§ **Instructions to follow**
Your answer must be an exact copy of the records below.

§ **Supplied records**
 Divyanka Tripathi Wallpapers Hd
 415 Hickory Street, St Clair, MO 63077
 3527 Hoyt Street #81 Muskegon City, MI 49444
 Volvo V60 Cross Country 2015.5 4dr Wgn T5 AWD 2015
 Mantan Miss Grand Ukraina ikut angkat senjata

§ **Answer to the problem**
 Divyanka Tripathi Wallpapers Hd
 415 Hickory Street, St Clair, MO 63077
 3527 Hoyt Street #81 Muskegon City, MI 49444
 Volvo V60 Cross Country 2015.5 4dr Wgn T5 AWD 2015
 Mantan Miss Grand Ukraina ikut angkat senjata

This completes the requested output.